As U.S. taxpayers have until April 27 to file and pay what is due to the IRS, cryptocurrency investors will have to deal with a complicated process. Uncle Sam expects his cut from crypto-related income. Current tax rules turn away early adopters and innovation from taking place.

Taxing Bitcoin Still Needs Some Tweaking

Too many questions arise when discussing taxes on cryptocurrencies. Even airdrops, such as one unit of Bitcoin Cash for each Bitcoin, are unclear territory, whether to treat it as a dividend or not. All these problems of taxation and reporting to the IRS need fixing, but the tax treatment itself could be the first issue to tackle.

Coin Center, the leading U.S. non-profit research and advocacy center focused on the public policy issues facing cryptocurrency, calls for an exemption for small gains on digital currency transactions. The institution claims such simple legislation would take most of the headache out of using digital currencies like Bitcoin

Jerry Brito, Executive Director at Coin Center, is recommending that the U.S. Congress passes a ‘de minimis exemption’ for cryptocurrency transactions the same way foreign currencies are already enjoying.

“Say you buy 100 euros for 100 dollars because you’re spending the week in France. Before you get to France, the exchange rate of the Euro rises so that the €100 you bought are now worth $105. When you buy a baguette with your euros, you experience a gain, but the tax code has a de minimis exemption for personal foreign currency transactions, so you don’t have to report this gain on your taxes. As long as your gains per transaction are $200 or less, you’re good to go.”

The IRS is treating cryptocurrencies as property since its March 2014 guidance, which means gains from sale or exchange are taxed as capital gains rather than ordinary income. Property, however, does not enjoy a de minimis exemption. Not for transactions neither for exchange rate changes, no matter how small. This only discourages the use of Bitcoin or any cryptocurrency as a payment method.

Brito suggests that the tax code could be amended to designate that cryptocurrencies be treated as foreign currency, but two negatives arise: “you’d lose the favorable capital gains treatment for transactions over $200 because foreign currency gains would generally be taxed as ordinary income” and it would be hard to convince lawmakers to treat stateless cryptocurrencies the same way as currencies issued by foreign governments.

Given that the amendment could raise concerns, Coin Center finds that creating a de minimis exemption for cryptocurrency is the way to go. It removes the friction and encourages the development of the technology and its use in payments, which should be cheered by most members of Congress.

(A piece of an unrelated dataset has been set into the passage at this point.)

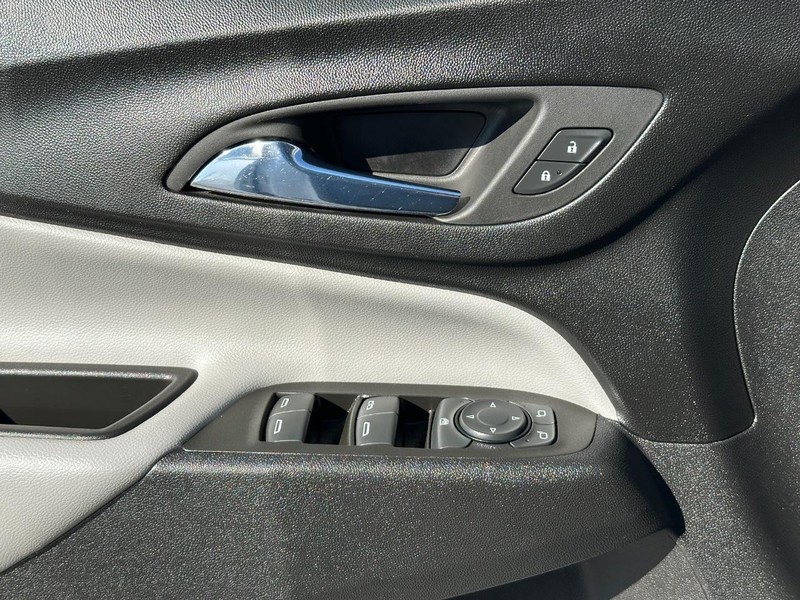 Chevrolet Equinox Vehicle Full-screen Gallery Image 22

The proposal goes into detail, suggesting the creation of a new section in the tax code that mirrors Section 988(e) of the tax code or amending Section 988 itself with a new subsection that extends the exemption to personal transactions of cryptocurrencies or “convertible virtual currency”.

From over 250,000 individuals filing federal taxes through Credit Karma Tax this year, less than 100 people have reported any Bitcoin gains or losses so far.